I am using the alpaca model 30B and feeding a list of prompts externally from a csv file. While doing so, I get segmentation fault error
after 3 prompts are processed. I made sure that, large prompts are filtered out.
Curious thing is. At first iteration, model handled a prompt string with len of 912. Few iterations later, for another prompt with len of 517, it was giving me segmentation fault again. Considering I have 4 GB extra ram and Swap memory still available when this was happening, I am confused.

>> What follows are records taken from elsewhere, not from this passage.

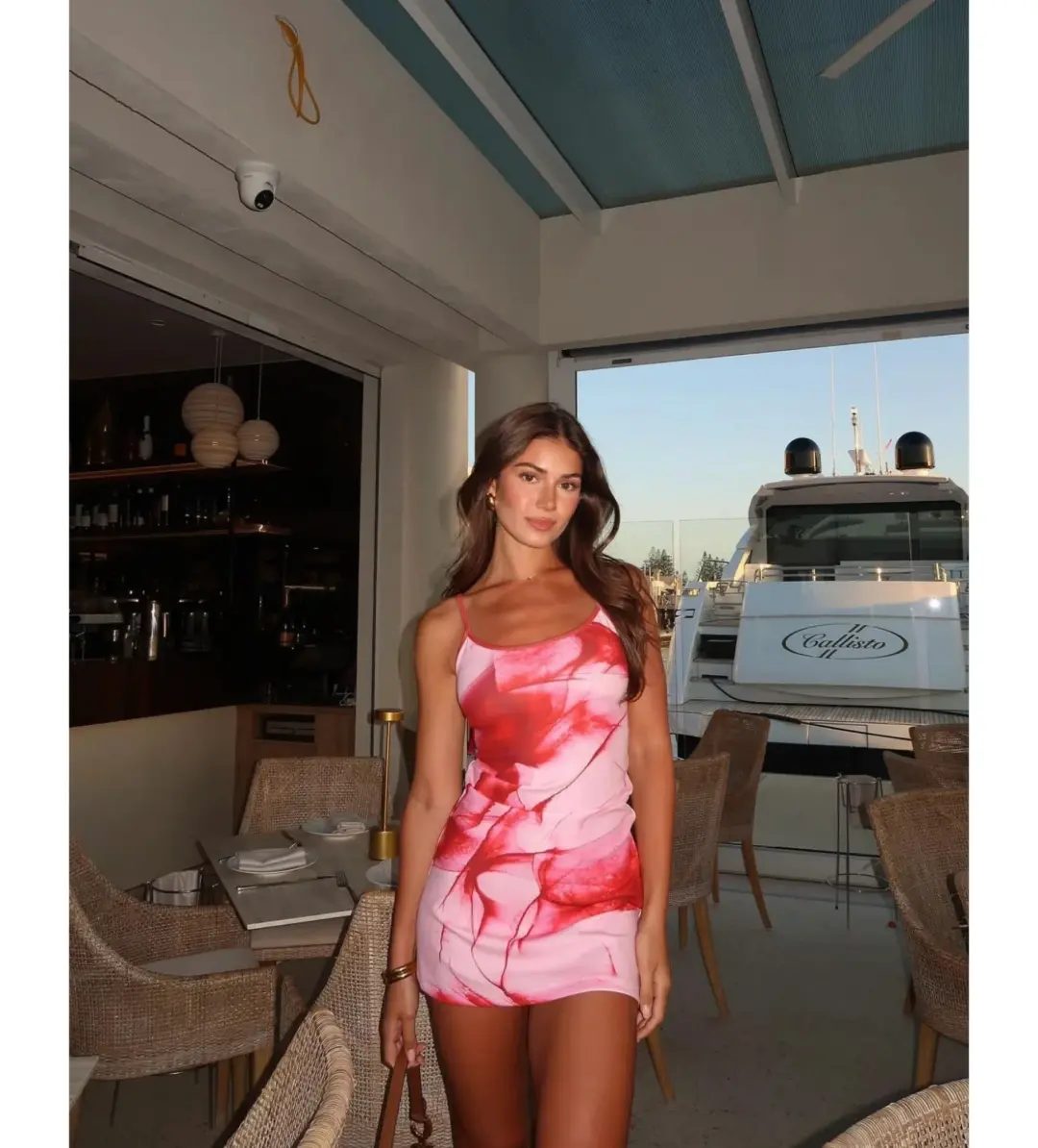 With Harper Lu Blush Graphite Mini Size S / AU 8 for rent on The Volte - main image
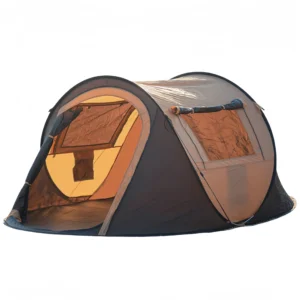 Pop-up quick-opening tent for 2-3 people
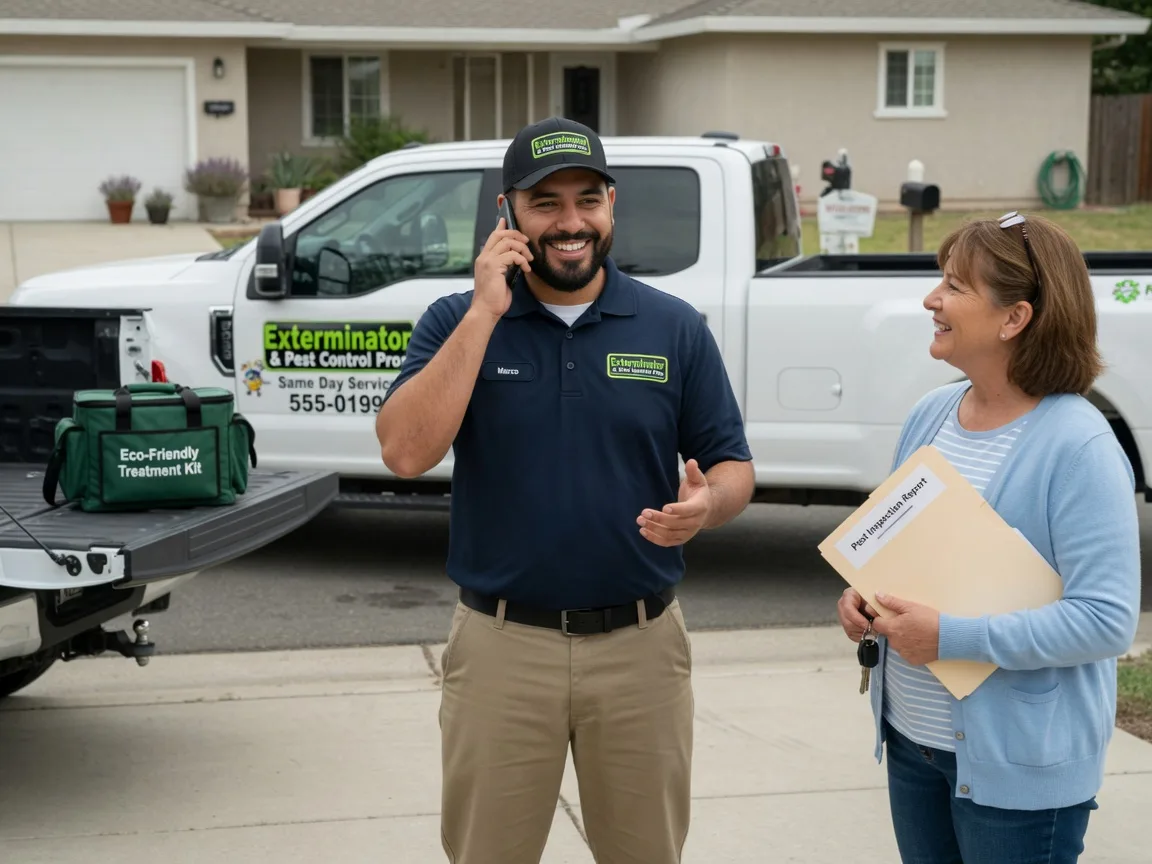 Emergency Pest Control Orlinda, TN FAQs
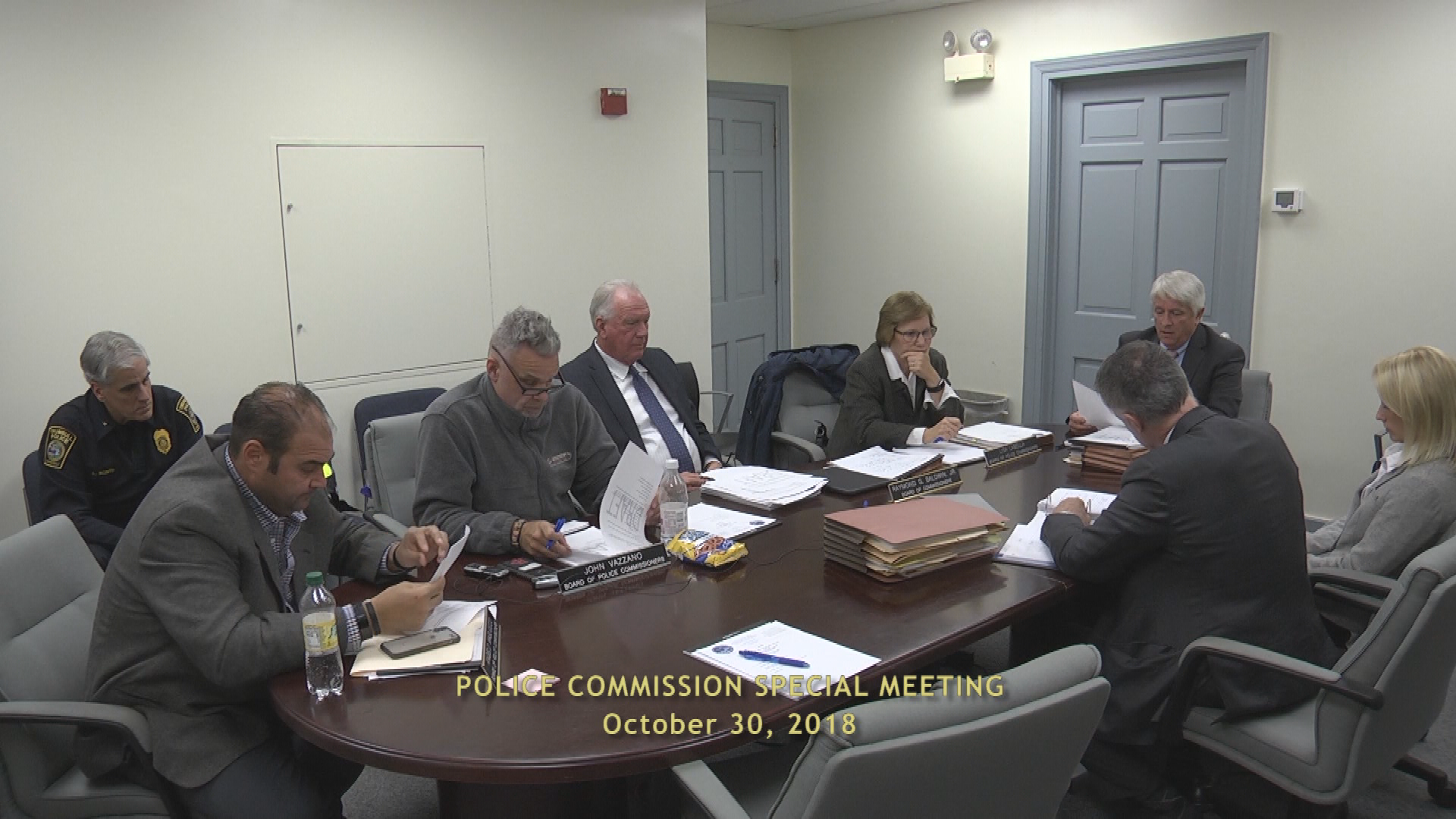 Thumbnail image for Police Commission 10/30 Special Meeting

Could it be that, I am forgetting to clear memory or something after processing ?
Here is my simple python code. Also, to save model output, I had to slightly modify that streaming_fn
. Could you verify if I am doing something wrong here ?
import pandas as pd
import numpy as np
import sys, time
sys.path.append("../build/")
import fastLlama
MODEL_PATH = PROJECT_ROOT_PATH / "../../alpaca-lora-30B-ggml/ggml-model-q4_0.bin"
model_output = []
def gen_output(instruction_input, writable):
global model_output
res = model.ingest(user_input)
start = time.time()
res = model.generate(
num_tokens=120, # increased from 120
top_p=0.95, #top p sampling (Optional) > increased from 0.92
temp=0.1, #temperature (Optional) > reduced from 0.65
repeat_penalty=1.1, #repetition penalty (Optional) > changed from 1.3
streaming_fn=stream_token, #streaming function
stop_word=[".\n", "# "] #stop generation when this word is encountered (Optional)
)
tot_time = round( time.time() - start, 3 )
# Do something with model_output here
model_output_str = ''.join(model_output)
## write model output to a file.
writable_output = f"{model_output_str}{SEP}{tot_time}{SEP}"
writable.write(writable_output)
writable.flush()
# reset model_output
model_output = []
def stream_token(x: str) -> None:
"""
This function is called by the llama library to stream tokens
"""
global model_output
model_output.append( x )
print(x, end='', flush=True)
if __name__ == '__main__':
# Load the file
excel = pd.read_csv("./prompts.csv")
# Load the model
print("Loading the model ...")
model = fastLlama.Model(
id="ALPACA-LORA-30B",
path=str(MODEL_PATH.resolve()), #path to model
num_threads=16, #number of threads to use
n_ctx=512, #context size of model
last_n_size=64, #size of last n tokens (used for repetition penalty) (Optional)
seed=0 #seed for random number generator (Optional)
)
alpaca_output = open('alpaca_inferences_results.txt', 'a')
print('Starting Inference Generation ...')
for row_ind, row_info in excel.iterrows():
if row_ind % 10 == 0:
print(f'Processed {row_ind} complaints.')
prompt_id = row_info['prompt_id']
prompt = row_info['prompt_text']
gen_output(complaint, question_type, alpaca_output)